A strange strand of thought has emerged in European political economy circles that has been given the name of The Entrepreneurial State. The headline claim is that the state (i.e., nation state governments) can and should intervene in the economy to bring about innovation, and that, indeed, it is absolutely necessary for grand, mission-driven undertakings such as climate change amelioration and the commercial development of next-generation technologies. Economics For Business talked to Christian Sandström, co-editor with Karl Wennberg, of Questioning The Entrepreneurial State, a compendium of analysis by thirty-two leading economists (including friends of E4B such as Peter G. Klein, Samuele Murtinu, and Saras Sarasvathy) to demonstrate the fallacies of the case for an entrepreneurial state. There’s a lot of sound economics to be learned from Professor Sandström’s book.
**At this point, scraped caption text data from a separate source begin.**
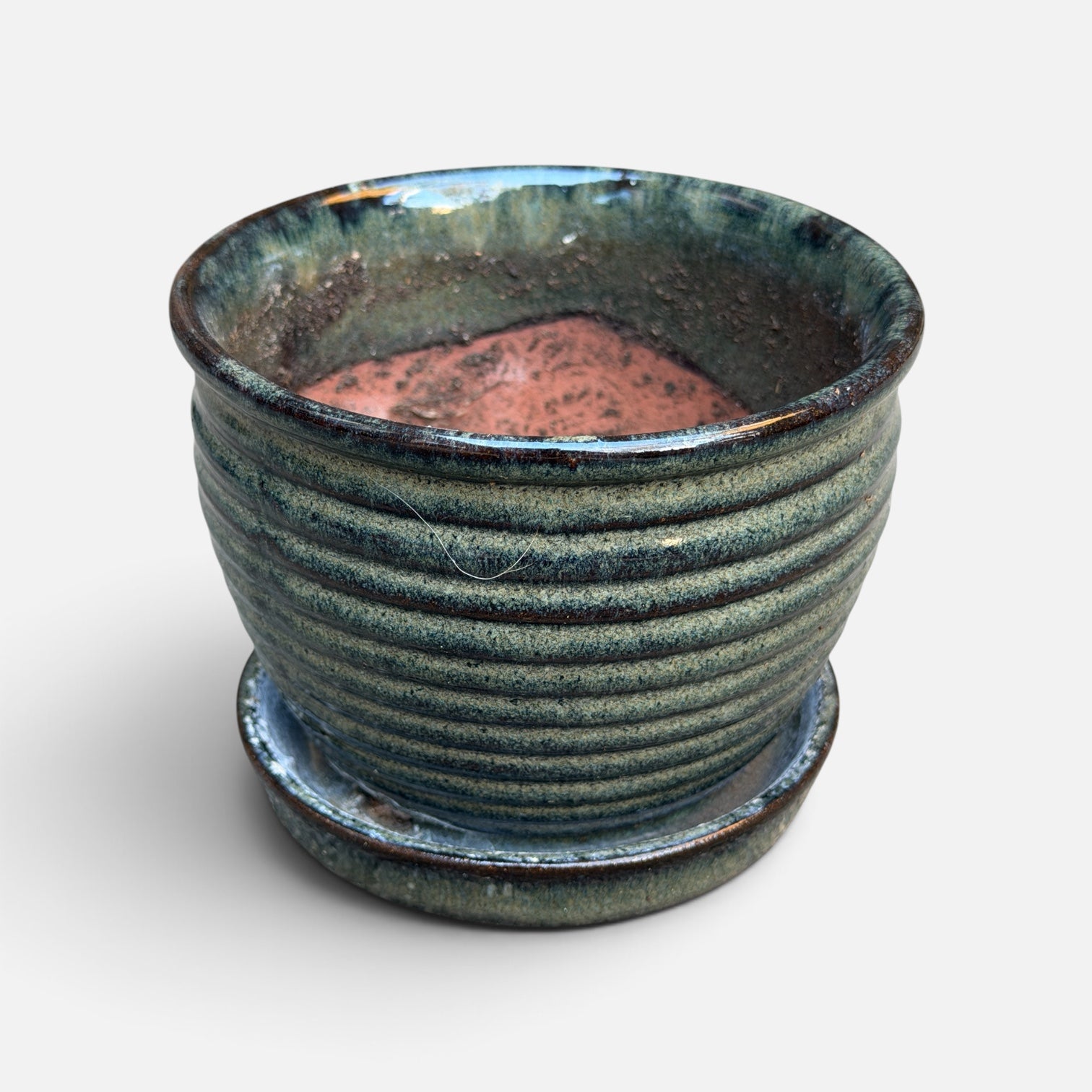 Handmade Glazed Ceramic Planter Honeycomb Style w/ Attached Saucer 6"H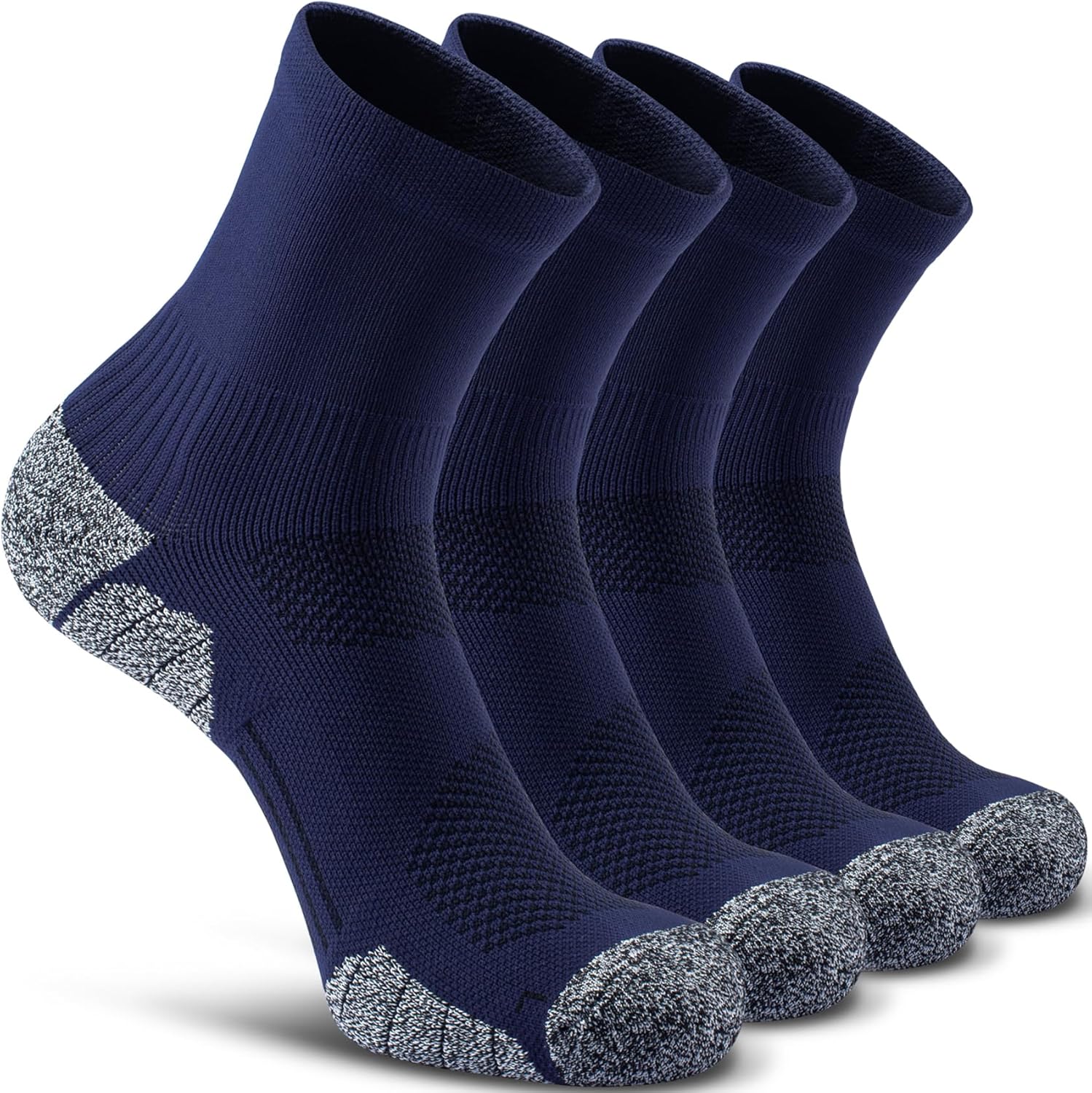 CWVLC Compression Athletic Quarter Socks Cushioned for Men Women Small 4-pairs N...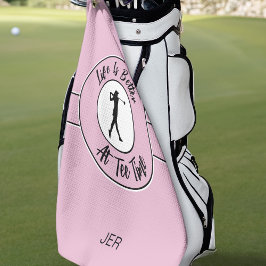 Tee Time Golfer Humor Sporten Monogram Roze Zwart Golfhanddoek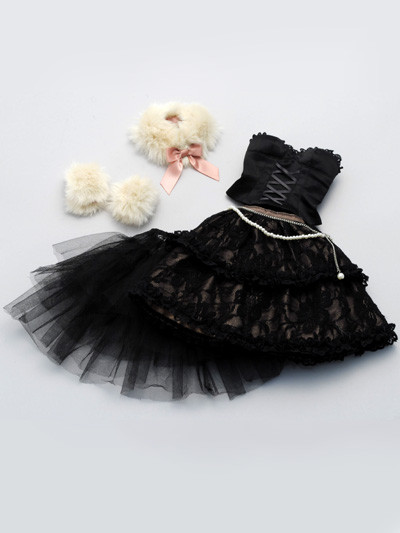 Black Bustier Dress Set, Volks, Accessories, 1/3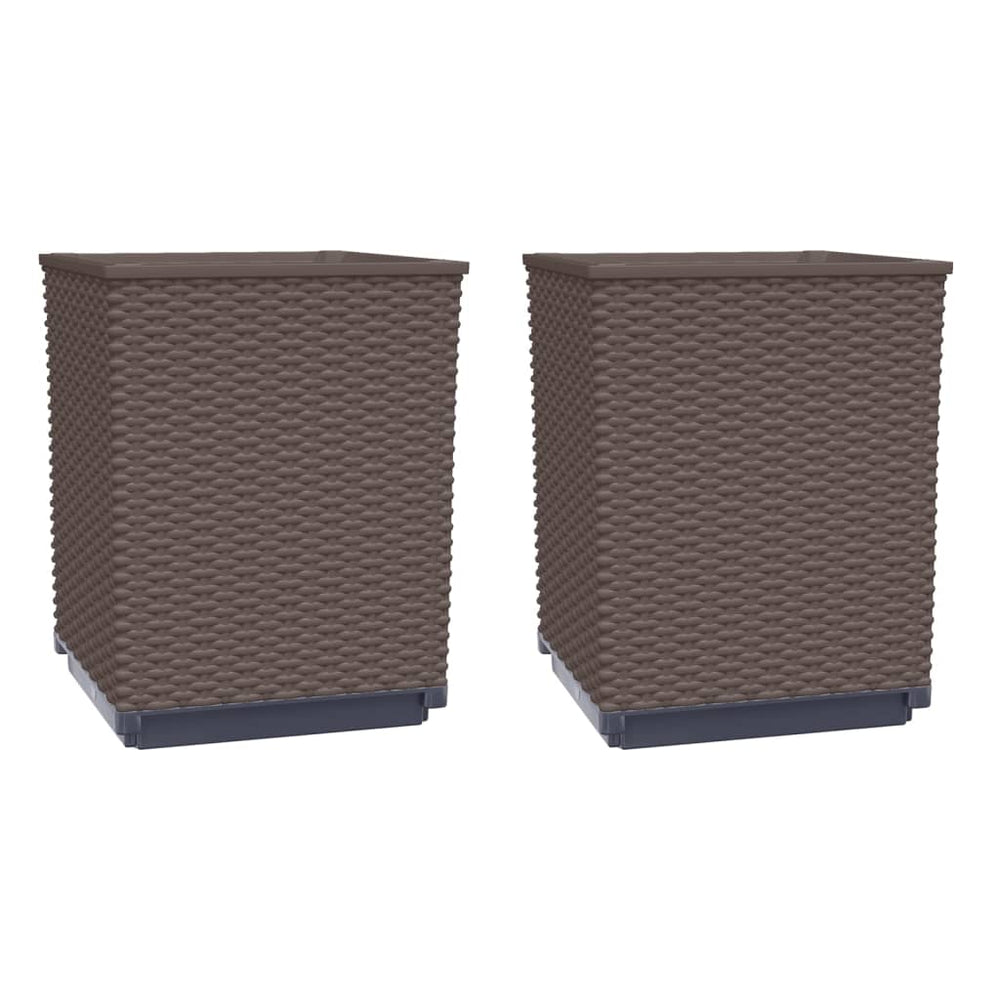 Pflanzkübel 2er Set Braun 30x30x37 cm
Key Takeaways and Actionable Insights

There’s a warm climate in Europe for government solutions to perceived economic problems. “The entrepreneurial state” is one of the forms these solutions take.

Entrepreneurship is well-developed in Europe, and recognized as a growth accelerator. Nevertheless, since 2008-9, country-level growth rates have been below expectations.

Professor Mariana Mazzucato originated the concept of “the entrepreneurial state”, telling fellow economists that they were all wrong in expecting growth to come from private entrepreneurship. Only government has the scope and scale to act entrepreneurially at the level of lifting the growth rate of the whole economy, overcoming the barriers to the introduction and commercialization of new technologies, and tackling the great missions such as climate change amelioration. Historically, she claims, this precedence has always applied: the state leads innovation and private entrepreneurs follow to fine tune the details of marketplace adoption and implementation.

The ongoing failure of Green Deals represents just one illustration of the errors of the entrepreneurial state.

One essay in Professor Sandström’s book spotlights what he calls Green Deals: directed investments in various technologies aiming at so-called sustainable development. Public funds distort incentives in the market, making it “rational” for firms to pursue technologies without long-term potential.

One of his examples is a municipality in northern Sweden that accumulated billions of Swedish Krona in debt investing in industrial plant aiming to create car fuel from cellulose, with the ambition of creating an environmentally friendly substitute for gasoline, which would also result in new jobs and a regional resurgence in competitiveness. The process of extracting ethanol from cellulose proved to be more difficult than promised, and no technological breakthroughs occurred. The 2008 recession resulted in falling prices for ethanol, yet more public money was poured in. The end result has been a high debt burden on the municipality, no new jobs, and no reindustrialization for the region.

As Professor Sandström and his co-author Carl Alm conclude, this case and other similar cases stand in stark contrast to ideas about an entrepreneurial state successfully taking on risk and pursuing new technological opportunities.

There are fundamental reasons why governments can’t act entrepreneurially.

First, governments don’t operate in markets and they are not subject to market tests, like going out of business if they fail to meet customer needs. They bear no genuine entrepreneurial risk. They have no competitors and so no process of competitive refinement and improvement. Their entrepreneurial actions can’t be evaluated. In effect, they want to achieve innovation without entrepreneurship, which is an impossibility.

Governments lack the required competence for the tasks they claim to be able to undertake.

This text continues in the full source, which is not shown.